Annie Riggs Memorial Museum
ENTERPRISING FRONTIER WOMAN
Born Anna Stella Frazier near Las Cruces, New Mexico in 1858, Annie Riggs moved with her family to Fort Stockton sometime after the end of the Civil War. Her first marriage, at age 19, lasted a little over ten years and bore six children. In 1891, Annie married her second husband Barney Kemp Riggs, a man considered by many to be an outlaw. Sentenced for murder in Arizona and imprisoned in the Yuma penitentiary, Riggs received a pardon from the governor for saving the prison warden’s life during a riot. Riggs and Annie had four children of their own and a marriage that lasted about a decade. Riggs was shot during an argument between Riggs and Annie’s son-in-law from her first marriage. Annie sat with her ex-husband in a room at the present day Annie Riggs Museum (then known as the Koehler Hotel) until he died the next day. Without a will Riggs estate was awarded to Annie and, with the assets, she purchased the Koehler Hotel for $ 5,000.

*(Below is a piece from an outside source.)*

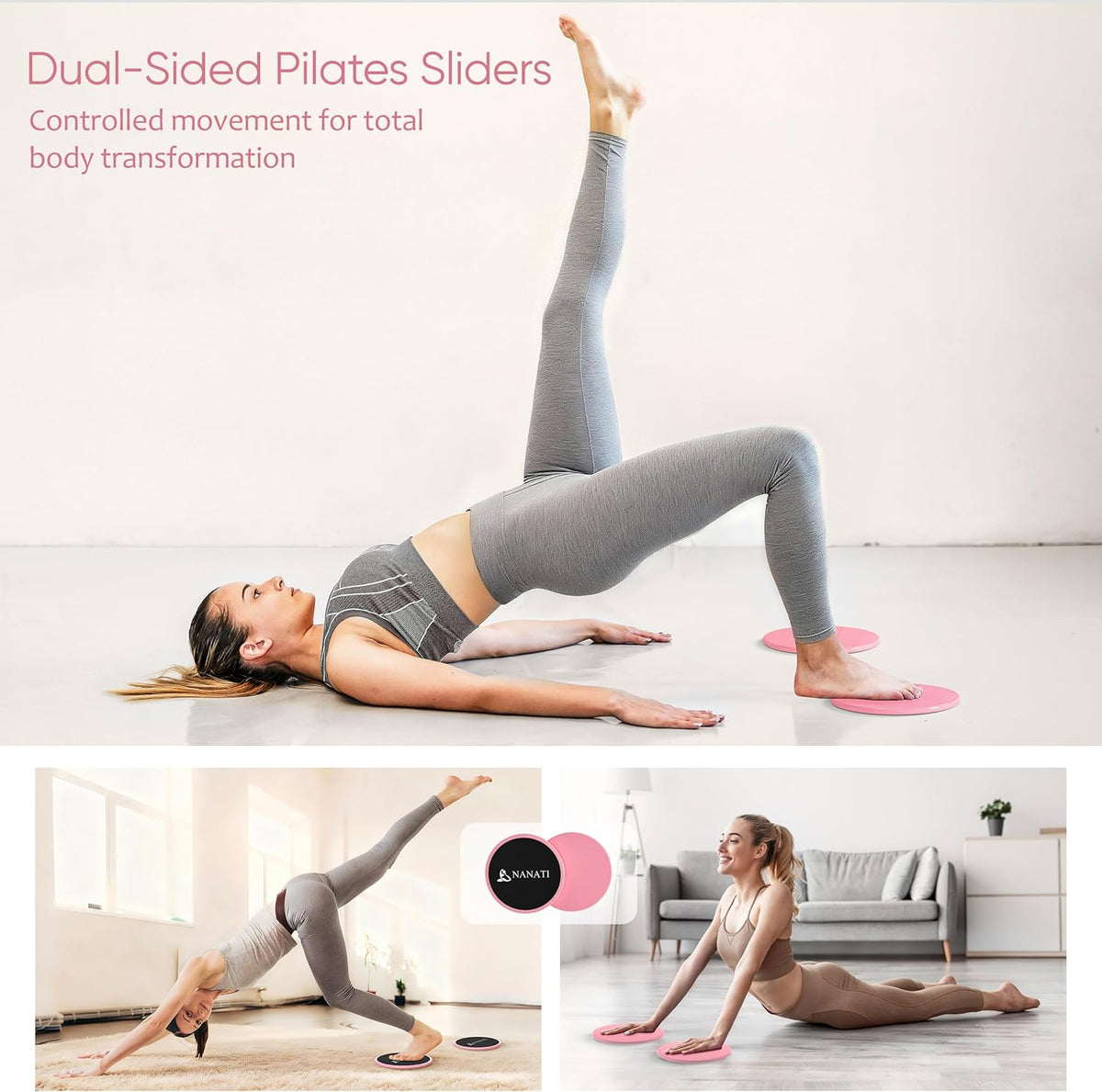 Pilates Kit, Home Pilates Workout Kit for Women, Pilates Equipment with 14.5" Pilates Ring and Ball, Resistance Bands, Ankle Weights, Sliders & Grip Socks for Home Workouts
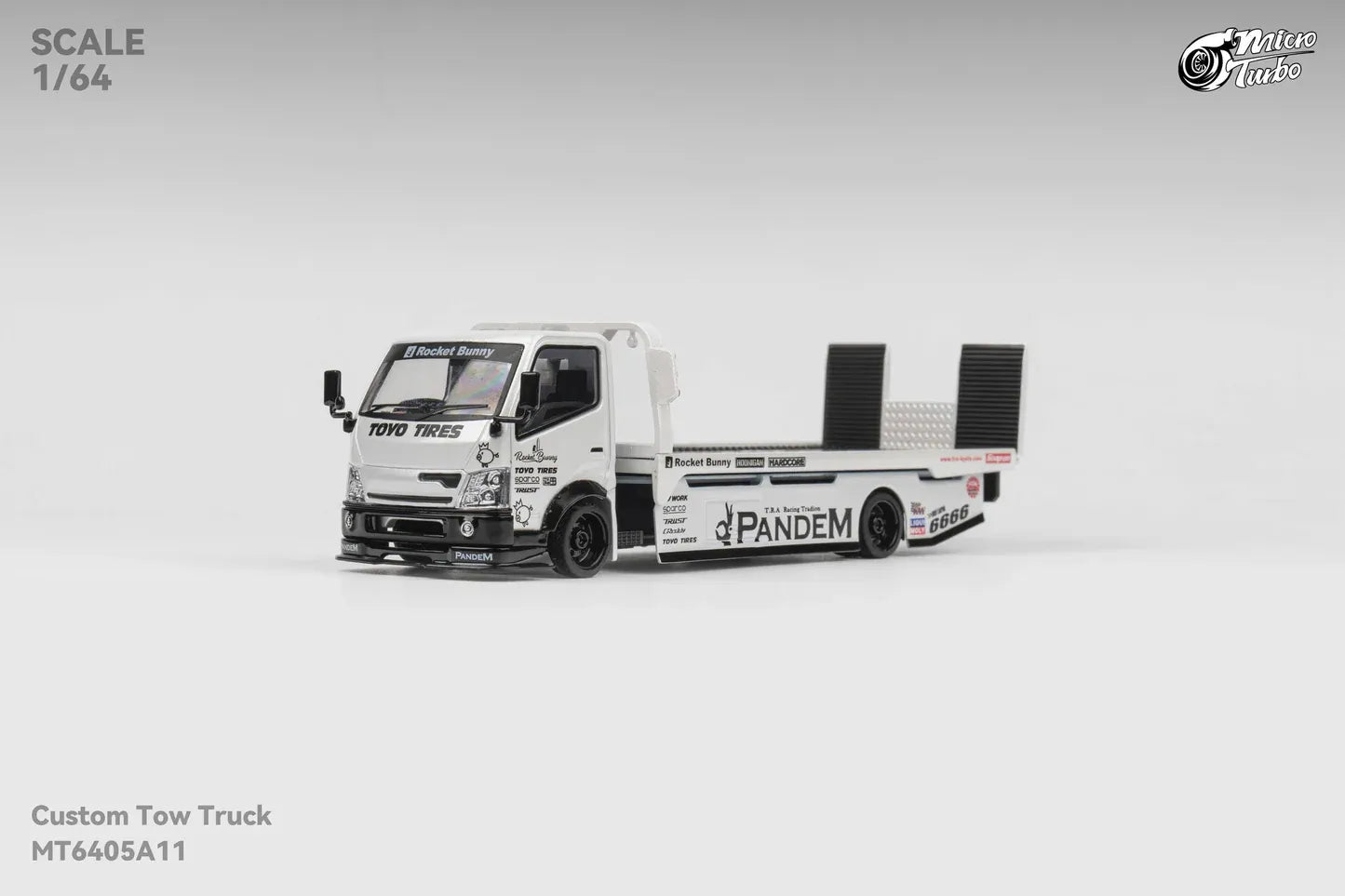Micro Turbo Rocket Bunny Pandem Custom Flat Bed Tow Truck Metallic White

Today, this sprawling, single-story adobe brick building with its wrap-around verandas and gingerbread trim looks much the way it did under Annie’s ownership. A classic example of the Territorial style architecture of the frontier period, the Riggs Museum served as a boarding house and income stream for Annie until she died at 73 in 1931. In 1955, Annie Riggs’ heirs deeded the hotel to the Fort Stockton Historical Society for a museum. The society opened the Annie Riggs Memorial Museum within the year.